Importer benchmark
Sitemap importer -ish . Written in Go to figure out if we could benefit from using this language
Details
After our discussion about the new architecture of importers, I've decided to implement a test importer. Instead of mimicking the existing tooling we have I've implemented a workflow matching our future approach to how all the importers suppose to work. Basically, it should download the data, parse it, extract the required data to TSV and upload it to S3. Keeping that in mind this particular importer does the following steps:
- Parse provided via env variable payload
- Download sitemap from specified URL
- Parse XML
- Output links to TSV file
- Upload the file to S3
To properly compare the whole workflow and efficiency the script was written in Ruby as well
Benchmarks
Test | Go | Ruby | Difference |
---|
Resulting docker image size | 17 MB | 74 MB | 78% |
Image build time | ~ 45 sec | ~ 70 sec | 36% |
Run time (Average of 10 runs) | 1163 ms | 2356 ms | 51% |
Startup time (Average of 10 runs) | 974 ms | 1538 ms | 37% |
Memory consumption | 70 MB | 200 MB | 65% |
Let's go over those numbers:
- Image size - Scripts written in go are compiled into a small executable file containing everything required for it to run which makes the resulting docker image as small as possible. It only contains OS and the executable itself. The Ruby version, on the other hand, has to be shipped along with the interpreter and all the required libraries which makes the final image much bigger
- Image build time - In this example, Ruby image could be built a bit faster but due to usage of Nokogiri for XML parsing it's compilation time results in a much longer image building time
- Run time - Represents a total time taken by the script to finish. Measured from within the script itself
- Startup time - Measured by the small script called
test.js
. It basically shows how much time passed between calling docker run
command and the start of the script itself. Wanted to measure it to figure out how long it takes to spin up the whole environment. In the case of Ruby, it takes a bit longer because you have to spin up the interpreter and load all the libraries - Memory consumption - System memory used by the process at the end of the script.
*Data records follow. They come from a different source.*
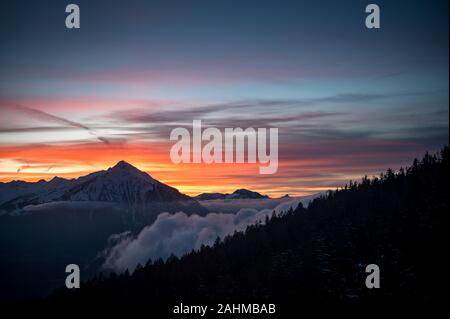 Coucher du soleil d'hiver coloré avec le Mont Niesen, les nuages et la forêt Banque D'Images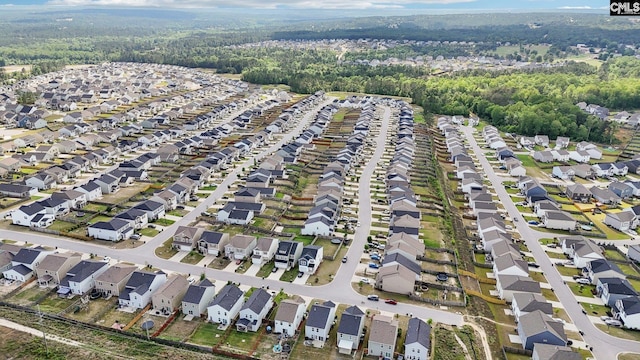 birds eye view of property with a residential view and a forest view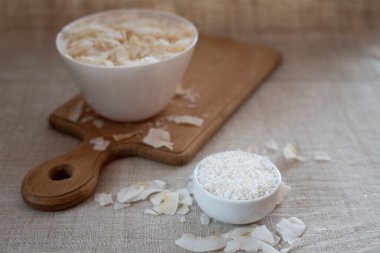 Kumaş bir masa örtüsü üzerinde bir kasede hindistan cevizi cipsi ve talaş.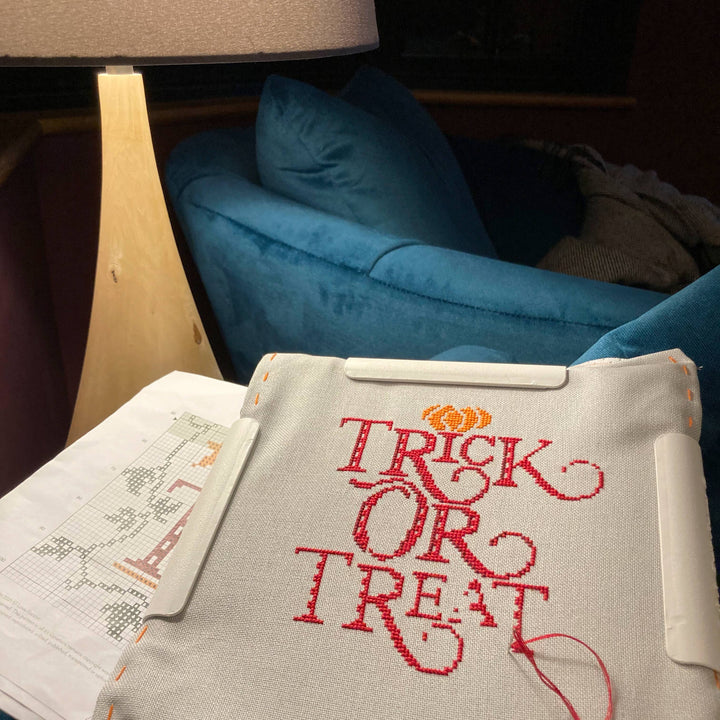 Embroidered 'Trick or Treat' design on a fabric with a blue couch in the background.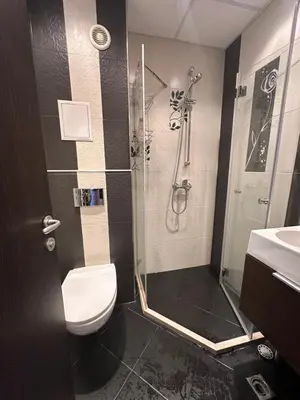 a bathroom with a shower and a toilet and a sink at GALAXY apartment in Sofia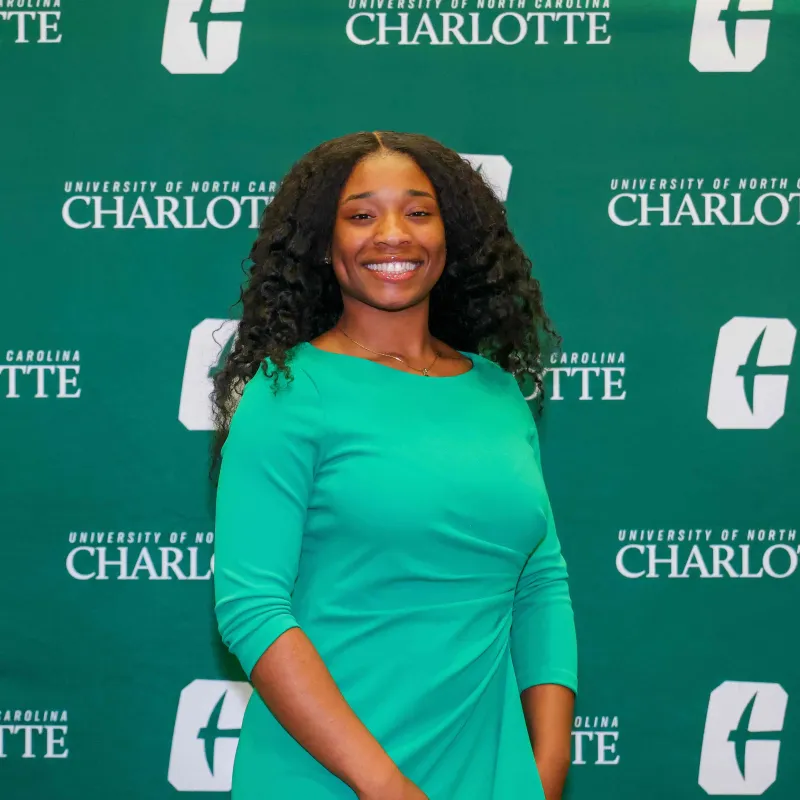 Eunice Okyere smiling in front of a UNC Charlotte backdrop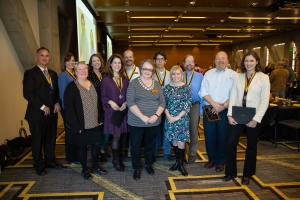 CAS faculty and staff award winners for 2017-18 (l to r): Timothy J. Smith, Alice P. Wright, Dean Neva J. Specht, Allison Fredette, Heather Custer, Andrew Heckert, Sandy Hicks, German Camps-Munoz, Carmen Scoggins, Richard Gray, Joseph Gonzalez and Ellen Lamont.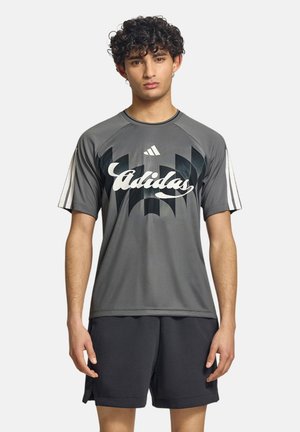 Giovane uomo con capelli ricci che indossa una maglietta grigia Adidas con stampa geometrica nera e pantaloncini neri, in piedi davanti a uno sfondo neutro.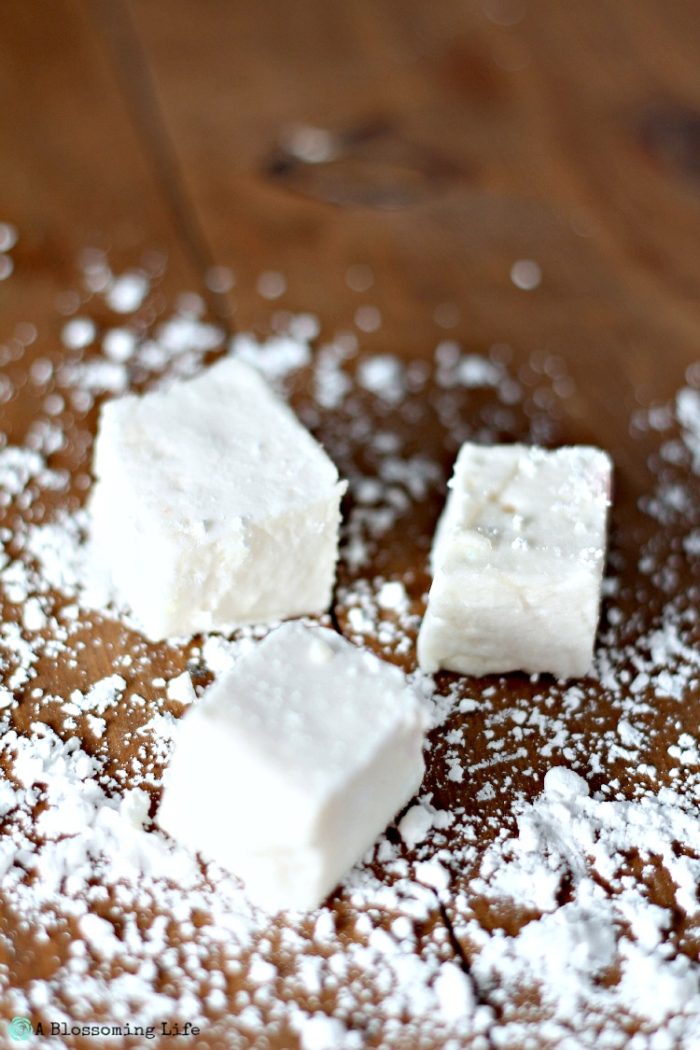 three homemade marshmallows on a wood table with cornstarch sprinkled around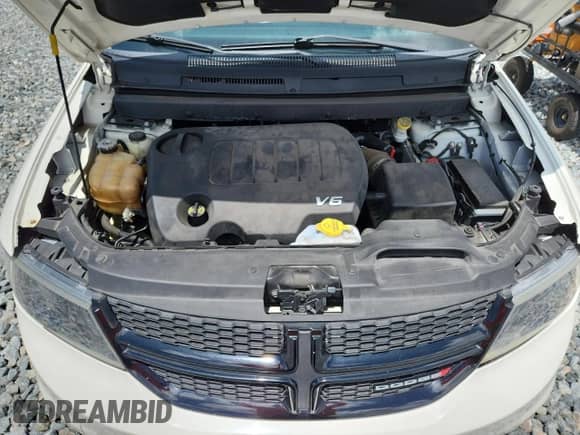 2019 Dodge Journey Crossroad z VIN 3C4PDCGG8KT700555, wystawiony jako Copart lot #63570015 z przebiegiem 94 791 mil mil oraz Czysty tytuł • Clean title. Historia ofert i sprzedaży dostępna na DreamBid. Obrazek 12.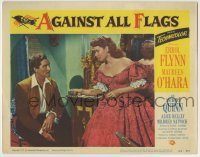 6c437 AGAINST ALL FLAGS LC #3 '52 Maureen O'Hara offers something to seated pirate Errol Flynn!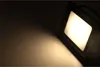 A square LED floodlight is angled towards the viewer, casting a bright warm white light onto a dark surface. Náhled obrázku produktu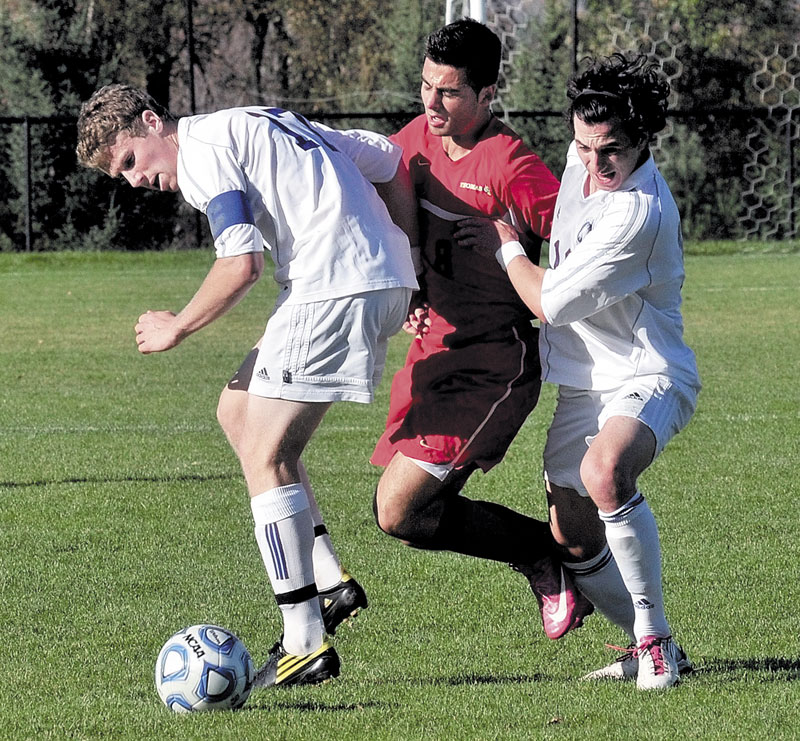Thomas College’s Michael Hand, center, battles for the ball with Colby’s Cory Hendrickson, left, and Andrew Meisel during the Elm City Bowl on Tuesday in Waterville. Meisel scored with 1 minutes, 51 seconds left in the first overtime to lift the Mules to a 1-0 win.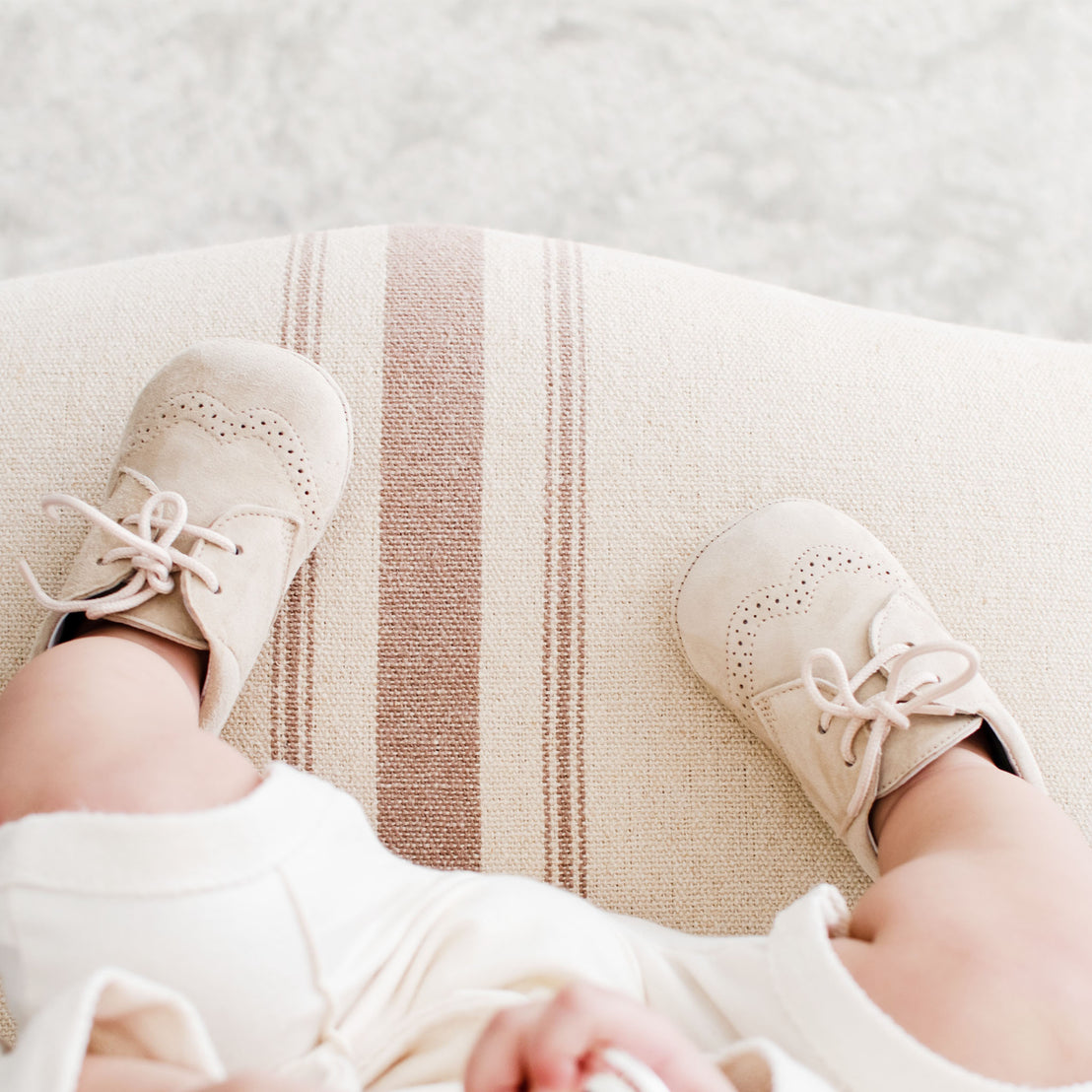 Photo of a baby wearing the Tan Suede Shoes on a chair. They are made with tan suede leather and feature detailed edging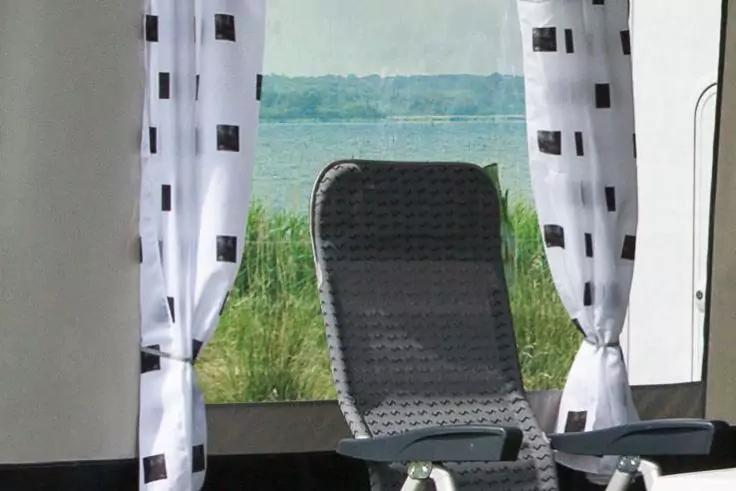 Ouverture de fenêtre avec rideaux blancs à carrés noirs ; devant un fauteuil-long en osier gris, herbe, un lac et une ligne d'arbres au loin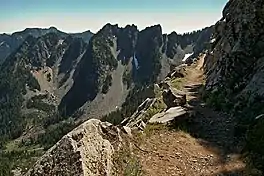 Mountainside trail with view of jagged rocky mountain with steel talus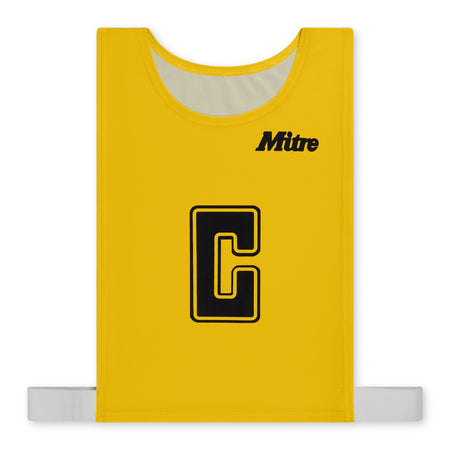 The Mitre Pro Netball Bib set features yellow bibs made from durable polyester micro mesh with a large black "C" outlined in yellow at the center, the "Mitre" brand name in black at the top right, and white elastic straps at the bottom.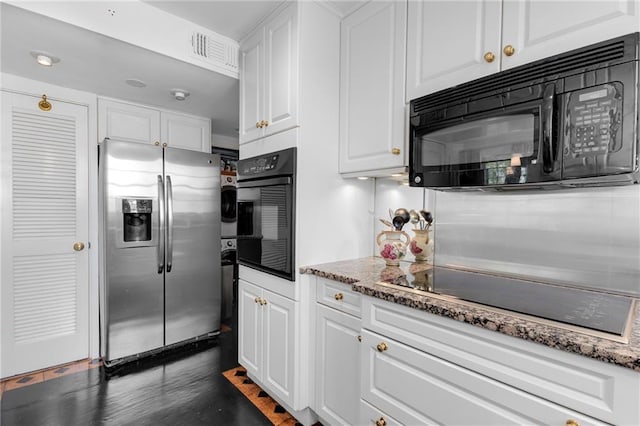 1325 Peachtree St NE Unit 401, Atlanta, GA 30309 - kitchen with white cabinetry, light stone countertops, visible vents, and black appliances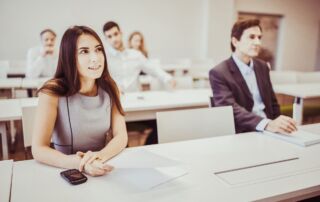 Apprentices sitting in a classroom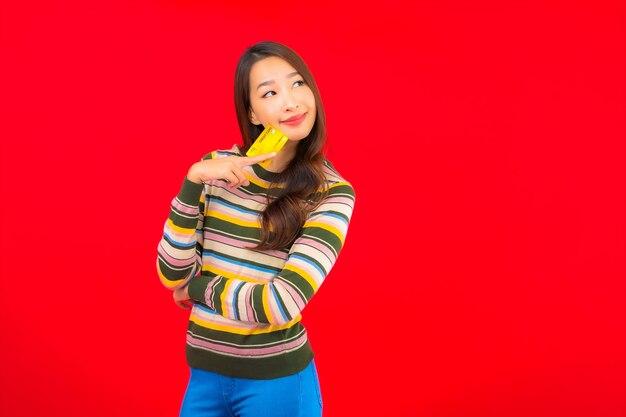 Portrait belle jeune femme asiatique avec carte de crédit sur mur isolé rouge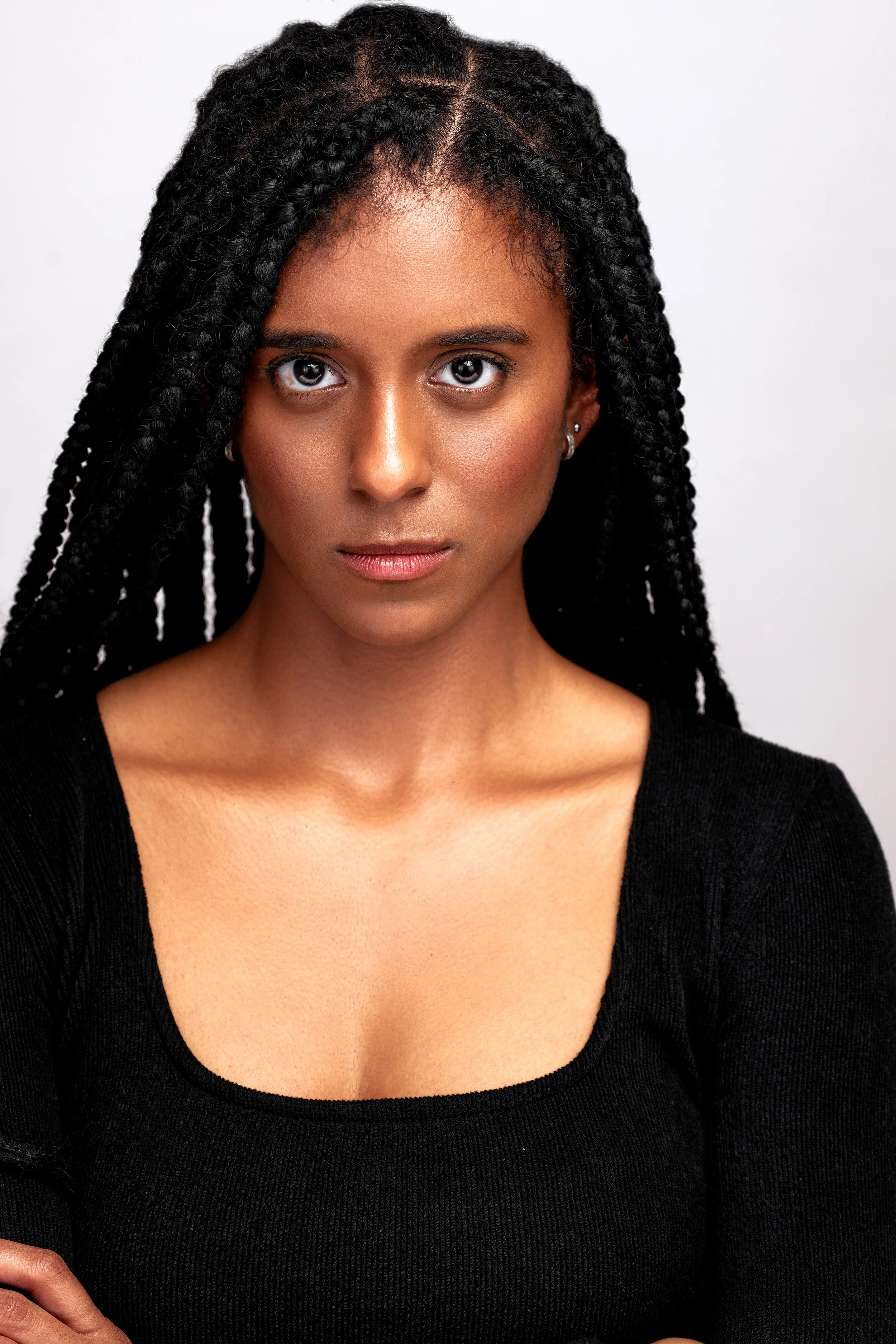 Close-up of a woman with medium-dark skin, long black braided hair, and wearing a black top, looking directly at the camera.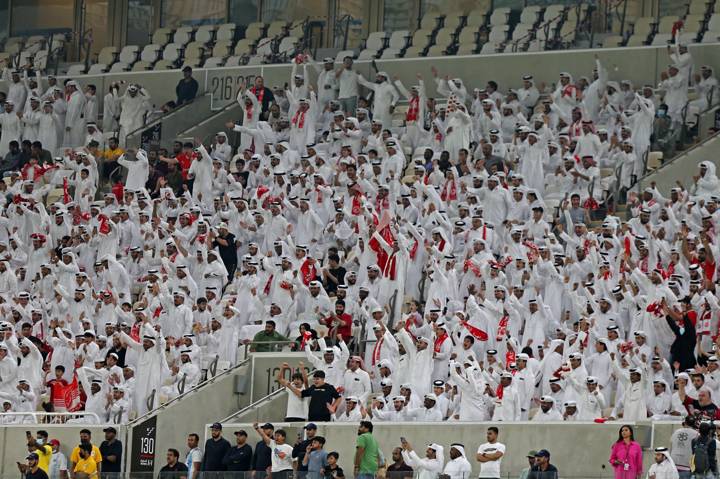 Fans cheer during the Qatar Stars League match between Al-Arabi and Al-Rayyan at the Lusail Stadium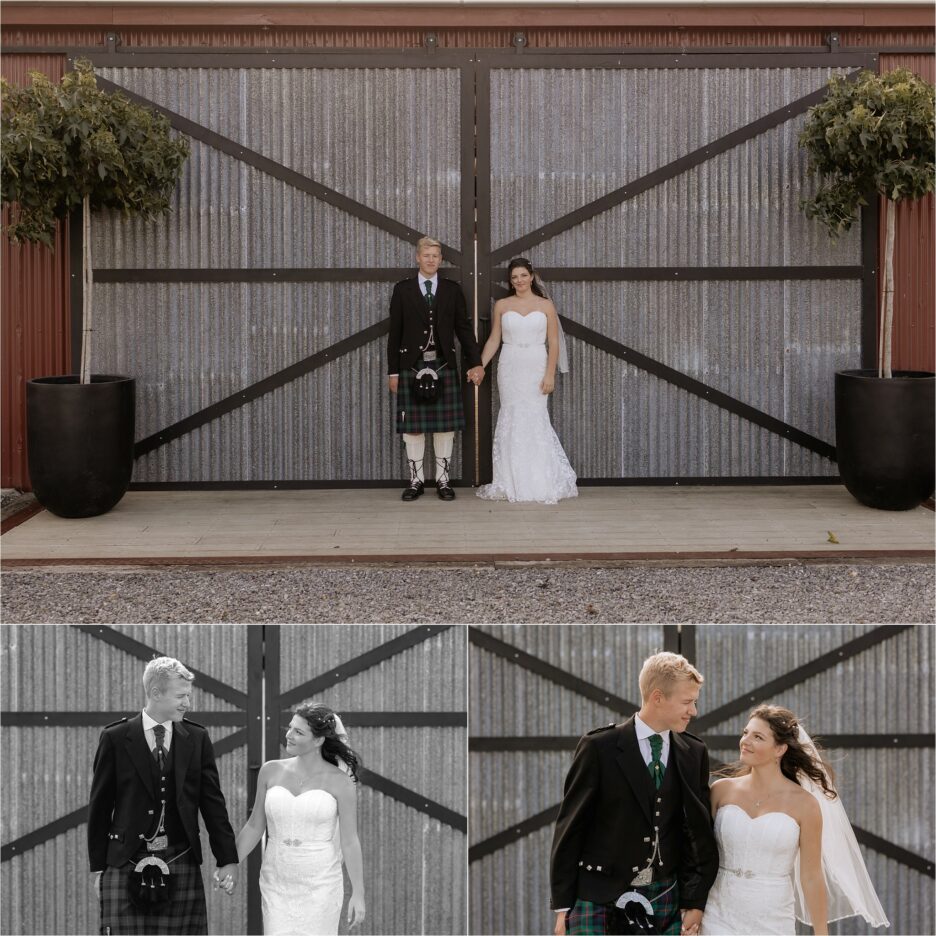 Bride and groom standing outside red barn doors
Go is much more efficient due to its strongly typed nature I guess
How to use
Comes with a Makefile containing all the required commands
To build containers:
make build
make build-rb
make build-go
To run the script:
make run-minio
make run-rb
make run-go
To remove created network and stop local s3:
make clean
To measure startup time:
node test.js make run-rb
node test.js make run-go
Using a different paradigm in development writing code in Golang brings some complexity. Strong typing might be a bit difficult when working with third-party resources and flexible schema. On the other hand, combined with code compilation it gives more certainty eliminating lots of runtime errors. Also it worth to consider the tooling around the language. Go has a lot of really powerful features like formatting, documentation and testing out of the box. Also from my small experience with this language I've noticed how well it supported by editors. I'm using VS Code and it provides a lot more functionality when using Go like better refactoring and testing. And it comes right out of the box as well when with Ruby I had to spend a good amount of time setting everything up for a comfort development process. I guess it's much easier to support stricter languages. On the contrary, the time it took me to implement such a small script in Go is a bit disappointing. But it wasn't that hard to start coding right away tbh.